Title: Intelligent Video Surveillance
Stan Z. Li
Institute of Automation, Chinese Academy of Sciences,PR China
Abstract: Intelligent Video Surveillance (IVS) incorporates image/video analysis and computer vision techniques into video surveillance and is becoming an important part of anti-crime and security surveillance systems. In this talk, I will describe key technologies inside IVS and important applications. The talk includes the following parts: basis IVS technologies object detection, tracking, and classification; high level vision analysis for behavior analysis or anomaly detection; latest progress on multi-camera object tracking; and IVS applications. Technologies and applications will be illustrated by numerous real video demos.
Stan Z. Li received his B.Eng from Hunan University, China, M.Eng from National University of Defense Technology, China, and PhD degree from Surrey University, UK. He is currently a professor and the director of Center for Biometrics and Security Research (CBSR), Institute of Automation, Chinese Academy of Sciences (CASIA).
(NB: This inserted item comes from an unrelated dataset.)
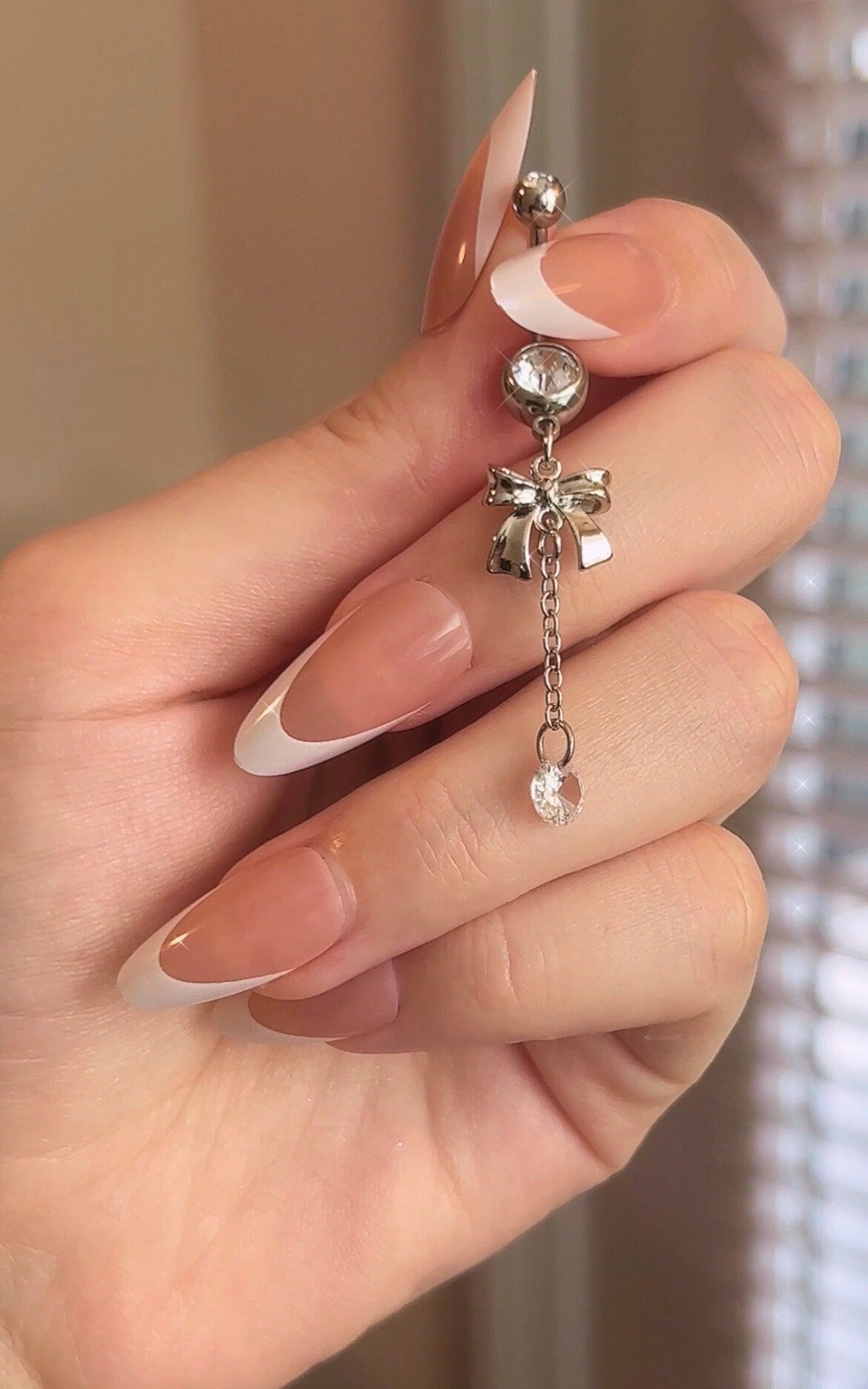 Chain Dangle Bow Belly Ring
His research interest includes pattern recognition and machine learning, image and vision processing, face recognition, biometrics, and intelligent video surveillance. He has published over 200 papers in international journals and conferences, and authored and edited 8 books. He is currently an associate editor of IEEE Transactions on Pattern Analysis and Machine Intelligence and acted as the editor-in-chief for the Encyclopedia of Biometrics (Springer Reference Work, 2009). He was elevated to IEEE Fellow for his contributions to the fields of face recognition, pattern recognition and computer vision.
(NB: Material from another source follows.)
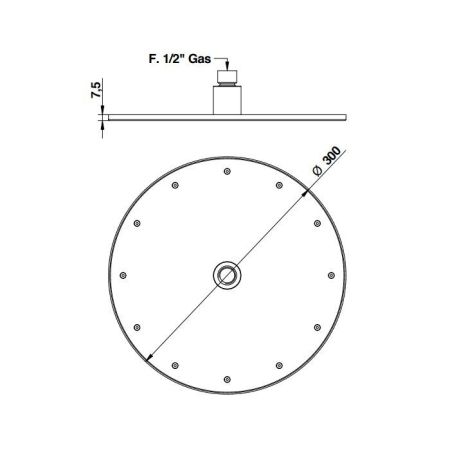 BONGIO Верхний душ Ø300 мм., цвет Terra di Toscana, артикул 882TT00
Title: Locally Adaptive Regression Kernels (LARK) for Visual Signal Processing and Recognition
Department of Electrical Engineering, University of California, Santa Cruz, USA
Abstract: I will present a non-parametric framework based on Locally Adaptive Regression Kernels (LARKs) which are visual descriptors that adapt to local characteristics of the given data, capturing both the spatial density of the data samples ("the geometry"), and the actual values of those samples ("the radiometry"). These descriptors are exceedingly robust in expressing the underlying structure of multidimensional signals even in the presence of significant noise, missing data, and other disturbances. As the framework does not rely upon strong assumptions about noise or signal models, it is applicable to a wide variety of problems. Of particular interest in two and three dimensions are state of the art denoising and upscaling of images and video, and novel applications in computer vision such as "visual search".
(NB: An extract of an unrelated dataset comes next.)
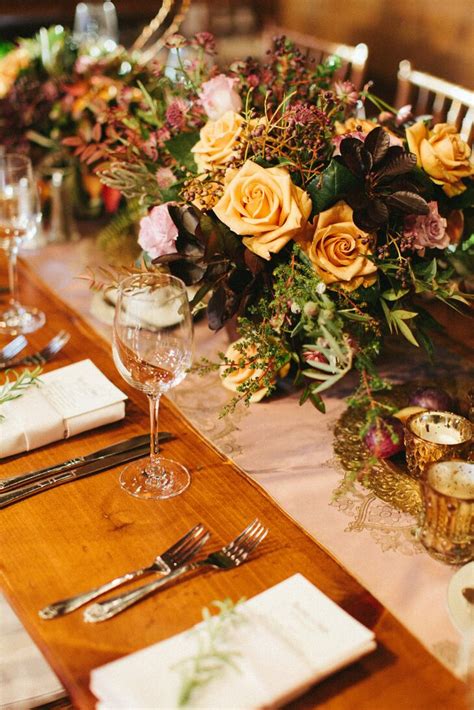 Gold Rose And Fall Foliage Centerpieces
Peyman Milanfar received a B.S. degree in Electrical Engineering/Mathematics from the University of California, Berkeley, and the Ph.D. degree in Electrical Engineering from the Massachusetts Institute of Technology. Prior to coming to UCSC, he was at SRI(formerly Stanford Research Institute) and a Consulting Professor of computer science at Stanford. He is a recipient of the Career Award from the US National Science Foundation. In 2005 he founded MotionDSP Inc. to bring state-of-art video enhancement technology to consumer and forensic markets. He has served as associate editor for IEEE Signal Processing Letters, Transactions on Image Processing, and Image and Vision Computing. He is a member of the Signal Processing Society's Image Video, and Multidimensional Signal Processing Technical Committee. Interests are in statistical signal, image and video processing, and computational vision. He is a Fellow of the IEEE.
Title: 3DTV and Realistic Broadcasting Services
Department of Information and Communications, Gwangju Institute of Science and Technology, Korea
Abstract: In recent years, various multimedia services have become available and the demand for three-dimensional television (3DTV) is growing rapidly. Since 3DTV is considered as the next generation broadcasting service that can deliver realistic and immersive experience by supporting user-friendly interactions, a number of advanced three-dimensional video technologies have been studied. In this talk, we are going to cover current research activities on 3DTV. After defining the basic requirements for realistic 3D broadcasting services, we will explain various multi-modal immersive media processing techniques.
Dr. Yo-Sung Ho received the B.S. and M.S. degrees in electronic engineering from Seoul National University, Seoul, Korea, in 1981 and 1983, respectively, and the Ph.D. degree in electrical and computer engineering from the University of California, Santa Barbara, in 1990. He joined ETRI (Electronics and Telecommunications Research Institute), Daejon, Korea, in 1983. From 1990 to 1993, he was with Philips Laboratories, Briarcliff Manor, New York, where he was involved in development of the Advanced Digital High-Definition Television (AD-HDTV) system. In 1993, he rejoined the technical staff of ETRI and was involved in development of the Korean DBS Digital Television and High-Definition Television systems. Since September 1995, he has been with Gwangju Institute of Science and Technology (GIST), where he is currently Professor of Information and Communications Department. Since August 2003, he has been Director of Realistic Broadcasting Research Center (RBRC) at GIST in Korea. He is presently serving as an Associate Editor of IEEE Transactions on Circuits and Systems for Video Technology (T-CSVT). His research interests include Digital Image and Video Coding, Three-dimensional Image Modeling and Representation, Advanced Source Coding Techniques, and Three-dimensional Television (3DTV).